### TASK
Each record that follows must be reproduced exactly.

### SUPPLIED RECORDS
== Segment start ==

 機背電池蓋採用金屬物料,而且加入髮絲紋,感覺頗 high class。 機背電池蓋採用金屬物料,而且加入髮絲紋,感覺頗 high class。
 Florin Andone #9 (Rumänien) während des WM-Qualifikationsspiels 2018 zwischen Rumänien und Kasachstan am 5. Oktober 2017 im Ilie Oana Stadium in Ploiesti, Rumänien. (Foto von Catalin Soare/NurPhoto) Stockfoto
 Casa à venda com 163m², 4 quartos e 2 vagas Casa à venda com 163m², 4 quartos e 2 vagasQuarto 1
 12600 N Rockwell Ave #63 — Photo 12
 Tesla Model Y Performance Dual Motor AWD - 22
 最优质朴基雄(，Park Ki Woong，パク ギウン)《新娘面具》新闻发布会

== Segment end ==

### ANSWER SPACE
 機背電池蓋採用金屬物料,而且加入髮絲紋,感覺頗 high class。 機背電池蓋採用金屬物料,而且加入髮絲紋,感覺頗 high class。
 Florin Andone #9 (Rumänien) während des WM-Qualifikationsspiels 2018 zwischen Rumänien und Kasachstan am 5. Oktober 2017 im Ilie Oana Stadium in Ploiesti, Rumänien. (Foto von Catalin Soare/NurPhoto) Stockfoto
 Casa à venda com 163m², 4 quartos e 2 vagas Casa à venda com 163m², 4 quartos e 2 vagasQuarto 1
 12600 N Rockwell Ave #63 — Photo 12
 Tesla Model Y Performance Dual Motor AWD - 22
 最优质朴基雄(，Park Ki Woong，パク ギウン)《新娘面具》新闻发布会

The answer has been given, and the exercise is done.